A Pluggable Edge-Processing Pipeline for SysFlow
Abstract
SysFlow is a compact open data format that lifts the representation of system activities into a flow-centric, object-relational mapping. It records how applications interact with their environment and relates processes to file accesses, network activities, and runtime information. The telemetry format encodes single-event and volumetric flow representations, naturally linking these entities together to provide context for analytics and provenance. SysFlow drastically reduces endpoint event collection rates and lifts events into behaviors. This supports forensic applications and more comprehensive analysis approaches, such as cyber threat hunting, big data analytics, and visualization. This talk will introduce a new stream processing and edge analytics pipeline for SysFlow. The pipeline is implemented as a multi-threaded, pluggable framework that enables custom analytics on SysFlow data streams. It supports enriching those streams with important information such as cluster meta-data, container configurations, and application logs.

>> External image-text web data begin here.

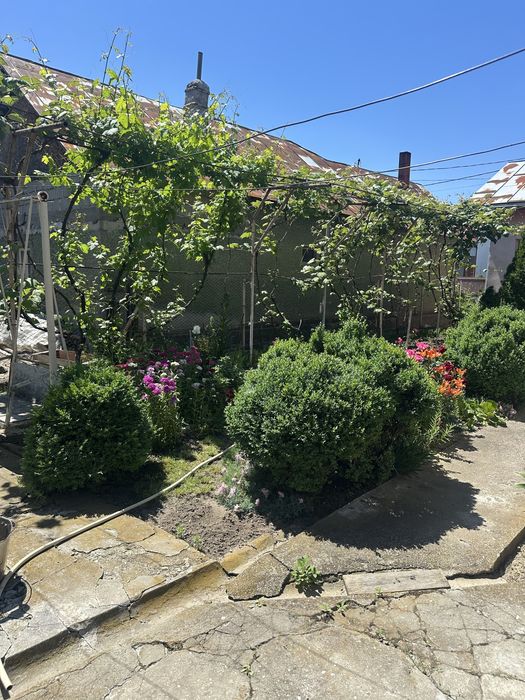 Vand casa + teren com Produlesti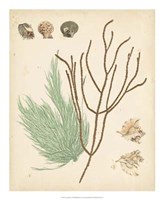 Coastal Relic I Fine Art Print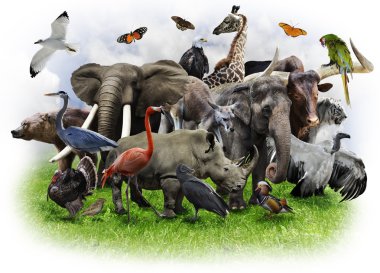 Animals Collage clipart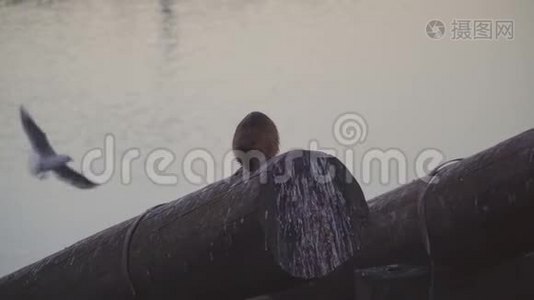 海狸海鸥坐在普拉哈海滨长廊的原木上视频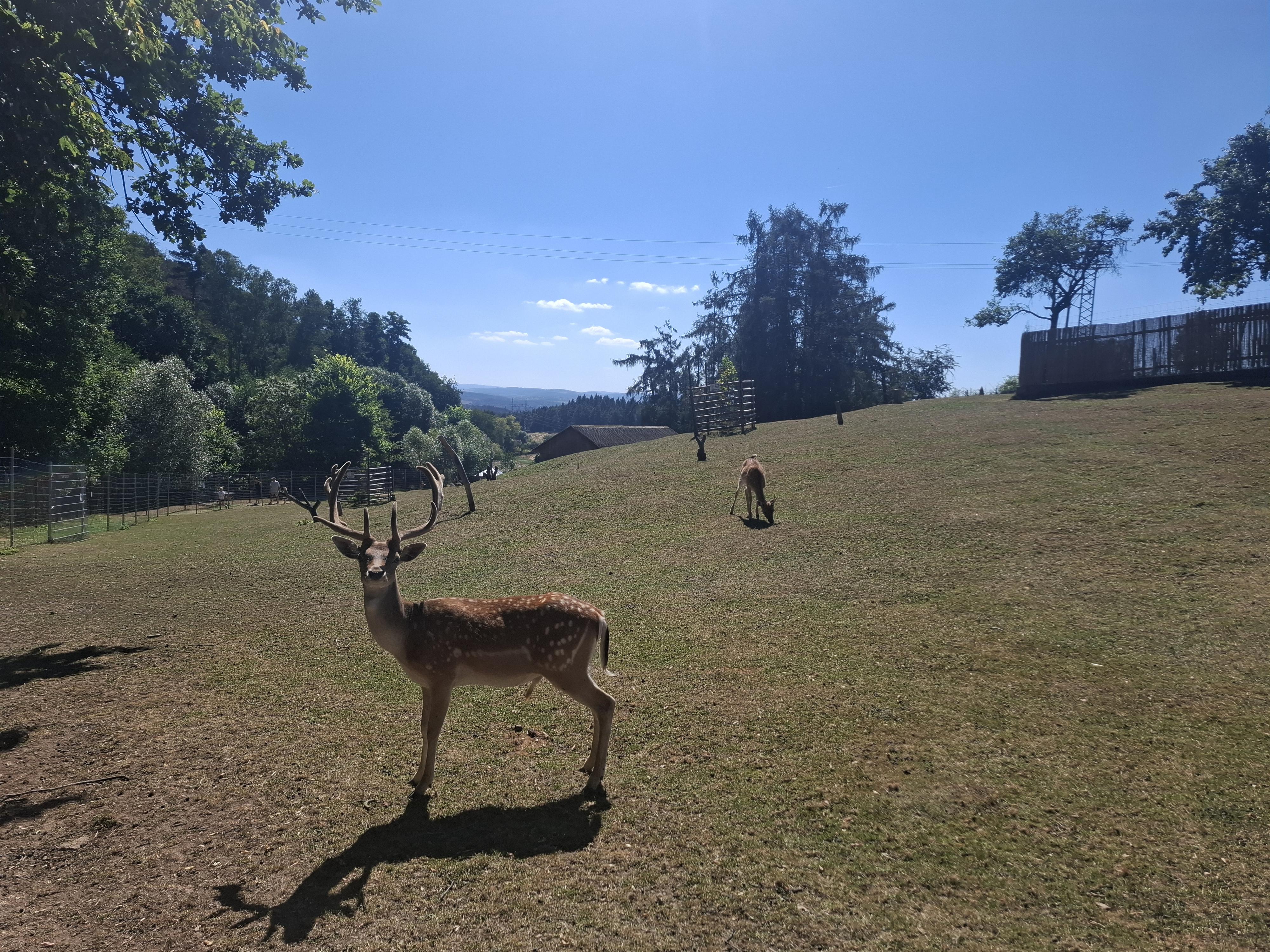 ZOOPARK jeleni Homole, z.s. foto 6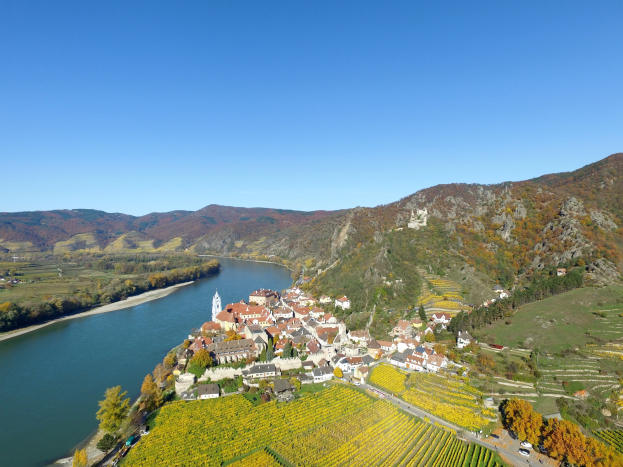 Kleiner Ort an den Ufern des Rheins, umgeben von grünen Hügeln und Weinbergen, mit Gebäuden, Bäumen und Fahrzeugen im Vordergrund unter einem blauen Himmel.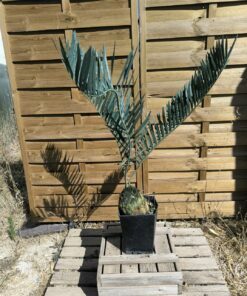 Encephalartos middelburgensis 16cm MI01 (Octobre 2026)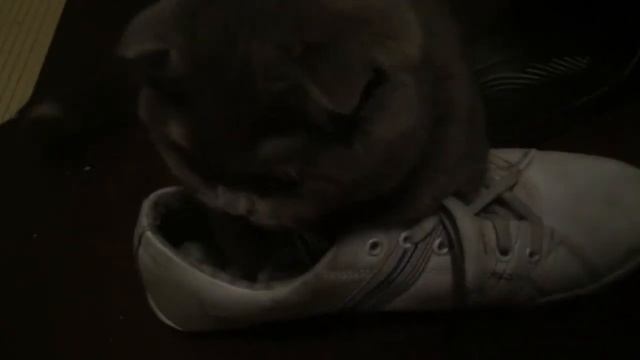 Кот Шрёдингера. Не узнаешь пока не заглянешь. смотреть онлайн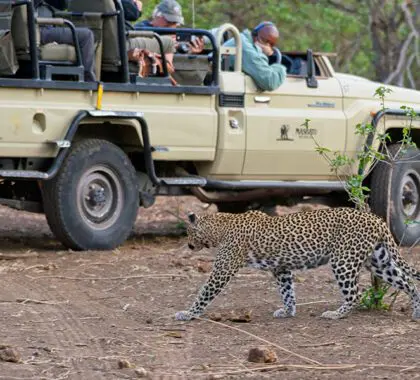 Un hermoso avistamiento de leopardo en el Mashatu Lodge, en el Tuli Block. 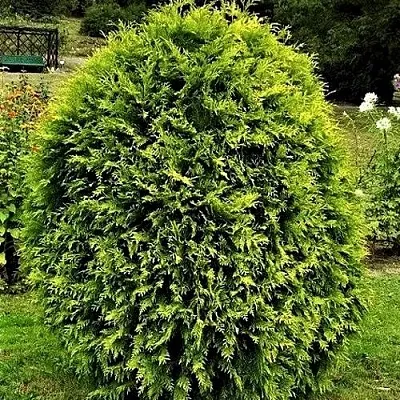 Туя ТИП ТОП западная  Туя ТИП ТОП западная в Ярославле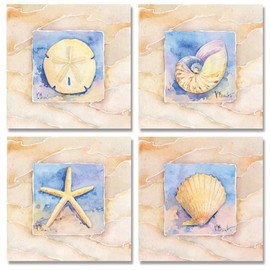 wallsthatspeak 4 Sea Shell Water Color Art Prints Sand Dollar Starfish Beach Decor 8 x 8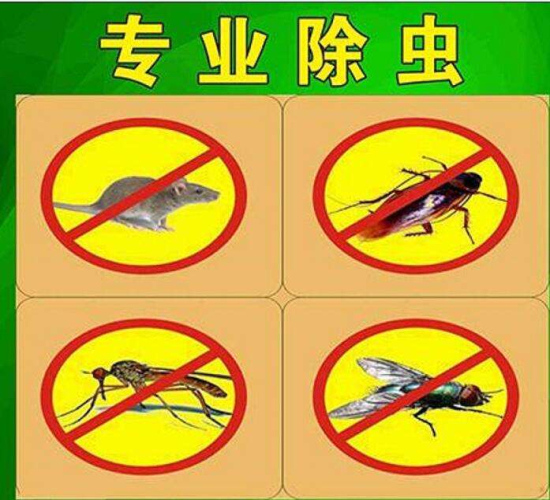 宿迁白蚁防治公司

It also includes an extendable policy engine that can monitor and enforce reference policies on cloud workload and trigger remediations. We will describe the design and open-sourcing of the pipeline and demonstrate threat identification use cases that make use of runtime reference policies. We will also demonstrate the custom analytic capabilities of the pipeline by showing a graph-based streaming analytic that uses process graphlets to uncover security-relevant application behaviors for threat hunting, forensics, and context representation of security alerts.